▶ Exercise requirements
Leave out all pictures. Extract exactly the lines from the one containing "Charm Gata Gato" through the end of the data.

▶ Dataset content
* * * * * * *

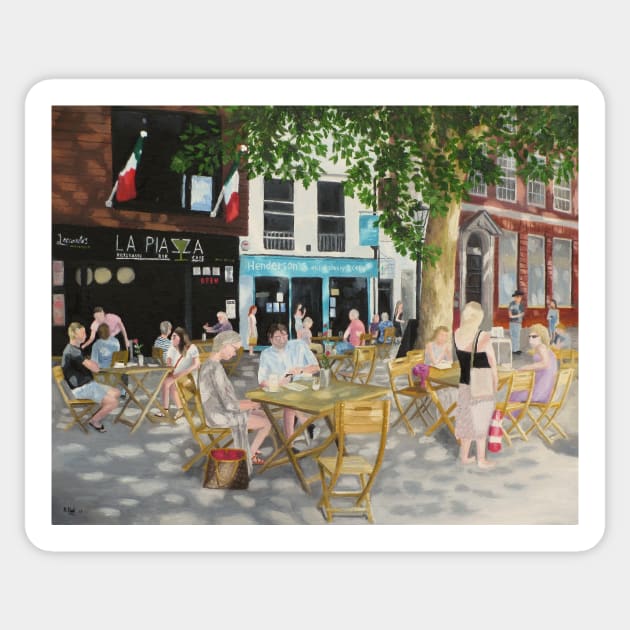 Salisbury Cafe Sticker by richardpaul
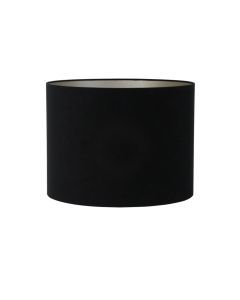 Kap cilinder 40-40-30 cm Velours zwart-taupe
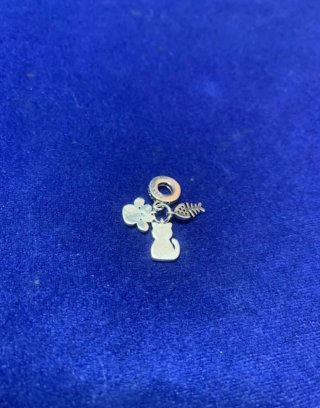 Charm Gata Gato Huella pulsera Pandora collar plat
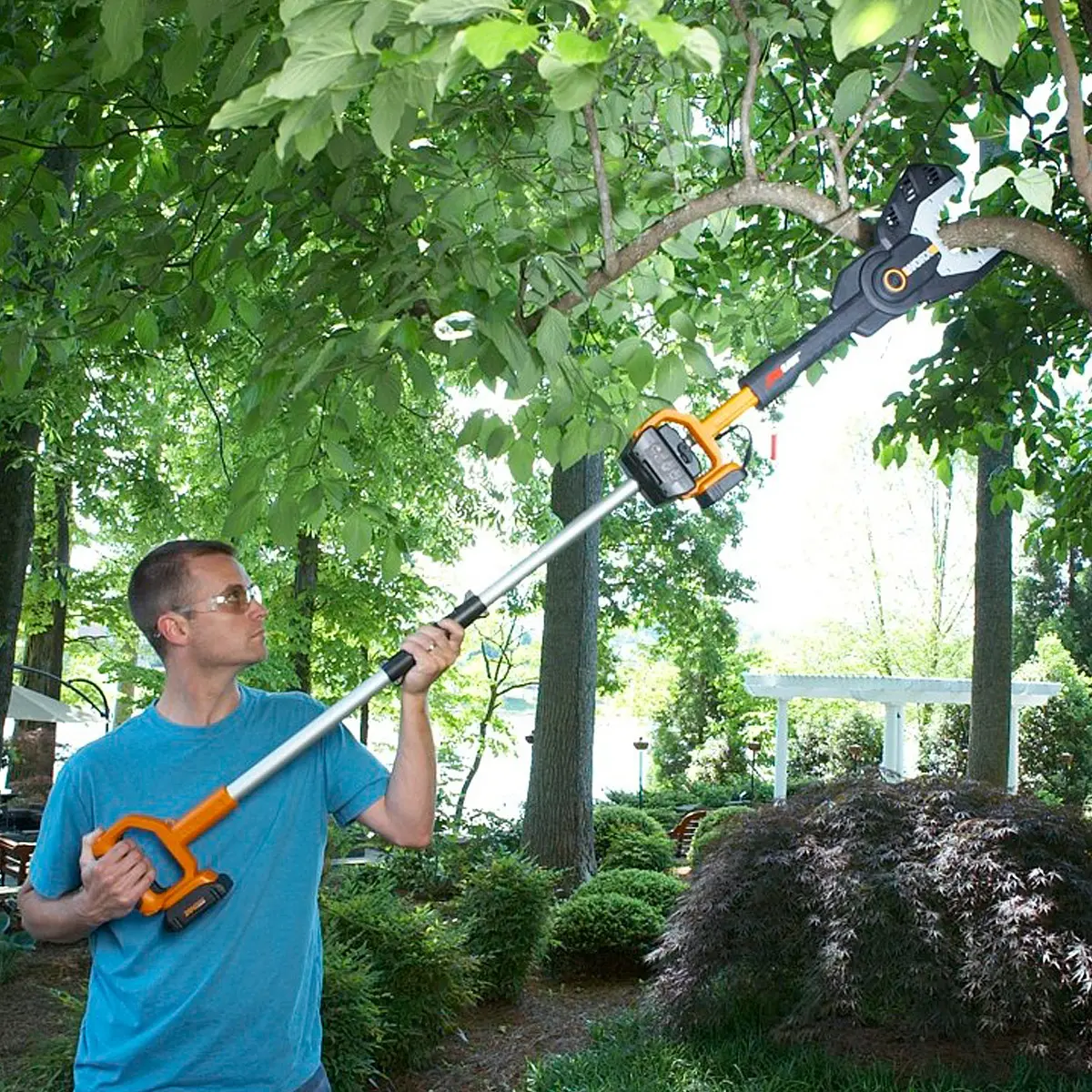 20V Power Share JawSaw Chainsaw with 5ft Extension Pole (Discontinued) 4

* * * * * * *

▶ Answer space
 Charm Gata Gato Huella pulsera Pandora collar plat
 20V Power Share JawSaw Chainsaw with 5ft Extension Pole (Discontinued) 4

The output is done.